Um die verschiedenen Interessen unter einen Hut zu bringen, veranstaltete der DAV Ende letzten Jahres erstmals ein Mountainbike-Symposium. Die Tagung war aus Sicht des Alpenvereins »ein erster Meilenstein« im vom bayerischen Umweltministerium geförderten DAV-Projekt »Bergsport Mountainbike – nachhaltig in die Zukunft«. Die Fördersumme für das im September 2018 gestartete Projekt beläuft sich auf 250.00 Euro. Der DAV selbst wendet zusätzlich 108.000 Euro auf, womit die gesamten geplanten Kosten für das auf drei Jahre angelegte Projekt gedeckt sind. »Knapp die Hälfte unserer Mitglieder fährt auch Fahrrad im Gebirge, und wir sind für die Bergwege in den Bayerischen Alpen zuständig«, begründet DAV-Vizepräsident Roland Stierle das Engagement des Alpenvereins. Der DAV sehe sich deshalb in der Verantwortung, zu einem friedlichen Miteinander beizutragen. Kernstück des Projekts ist es, Mountainbike-Konzeptionen für zwei Pilotregionen zu erarbeiten, umzusetzen und zu evaluieren. Dabei handelt es sich um die Landkreise Bad Tölz-Wolfratshausen und Oberallgäu.

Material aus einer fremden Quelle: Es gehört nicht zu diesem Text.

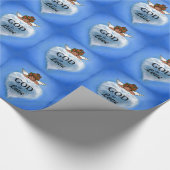God is de Ethnic Angel Cadeaupapier (Hoek)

Das Symposium im Dezember 2018 mit rund 200 Teilnehmern diente auch dazu, die konkreten Aufgabenstellungen des Projekts zu definieren. An erster Stelle steht demzufolge die Entwicklung und Umsetzung von Lenkungskonzepten, zum Beispiel durch die Ausweisung und Beschilderung von Wegen. Zudem müssten rechtliche Fragen geklärt werden, wie beispielsweise Haftungsfragen bei Unfällen für Grundbesitzer. Schließlich sei die Öffentlichkeitsarbeit entscheidend, um die Bergsportler auch zu erreichen. »Die gewonnenen Informationen sind die Basis, um begründete und vermittelbare Entscheidungen treffen zu können und um Diskussionen die emotionale Komponente zu nehmen«, erklärt DAV-Vizepräsident Stierle. Zudem leiste das Projekt einen Beitrag zur Umweltbildung – insbesondere auch von Kindern und Jugendlichen.

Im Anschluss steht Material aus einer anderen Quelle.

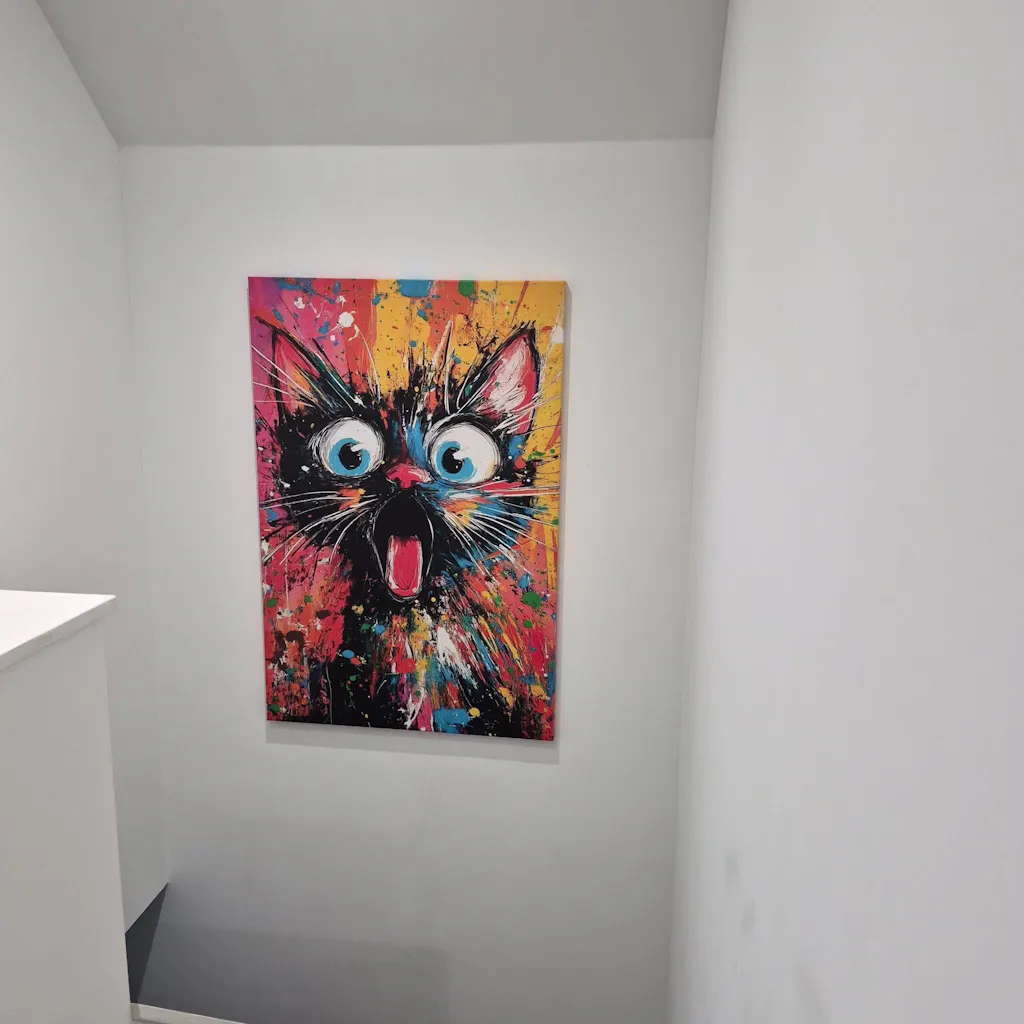 Tableau Chat Il est Fou !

Die erste Aufgabe des Projekts, die Ausweisung von Wegen, wird bislang regional sehr unterschiedlich umgesetzt. In der Schweiz ist beispielsweise den Kantonen die Entscheidung vorbehalten, ob sie Wanderwege für (E-)Mountainbikes freigeben. In einigen Kantonen ist das Biken dort quasi durchgängig erlaubt, in anderen Regionen dagegen so gut wie gar nicht. Ein generelles Verbot für Mountainbiken auf Waldwegen existiert (mit Ausnahmen) gar in Österreich. In Deutschland sorgt insbesondere das ausschließlich in Baden-Württemberg bestehende Verbot, Waldwege unter zwei Metern Breite mit dem Fahrrad zu nutzen, für Diskussionen. Die Deutsche Initiative Mountainbike (DIMB) setzt sich bereits seit vielen Jahren für eine Abschaffung dieser »unsinnigen Diskriminierung« ein.

DIMB warnt vor Verboten

Am DAV-Projekt beteiligt sich die DIMB intensiv. Die Initiative sieht zwei der der drei Ziele des Projekts positiv: die Schaffung eines Haftungsleitfadens für Grundbesitzer, um aufzuzeigen, dass auch durch MTB-Nutzung keine erhöhte Verkehrssicherungspflicht besteht. Und die Öffentlichkeitsarbeit zum gemeinsamen Verständnis der Nutzergruppen. »Bei der Umsetzung von Lenkungskonzepten müssen wir noch die Entwicklung abwarten«, erklärt Heiko Mittelstädt, Projektleiter für die Open-Trails-Aktivitäten der DIMB. »Wir stehen zu diesem Thema im Dialog mit dem DAV. Lenkung durch gute Angebote funktioniert. Aber Ziel muss es sein, Verbote zu vermeiden.« Diese seien nicht einsichtig und führten nur zur Rechthaberei der Nutzer untereinander. Das häufig angeführte »Tiroler Modell«, das Grundbesitzern für ausgewiesene Mountainbike-Wege ein jährliches Entgelt von mindestens 12 Cent pro Laufmeter garantiert, könne aus Sicht der DIMB nicht Teil der Lösung sein. Zumal dieses Modell vor dem Hintergrund zu sehen sei, dass ansonsten in Österreich eben ein generelles Verbot für das Mountainbiken im Wald gilt.
Ob es im deutschen Alpenraum zu Verboten kommt, die Grundbesitzer und Umweltschützer wohl teilweise befürworten würden, wird sich im weiteren Projektverlauf bis 2021 zeigen.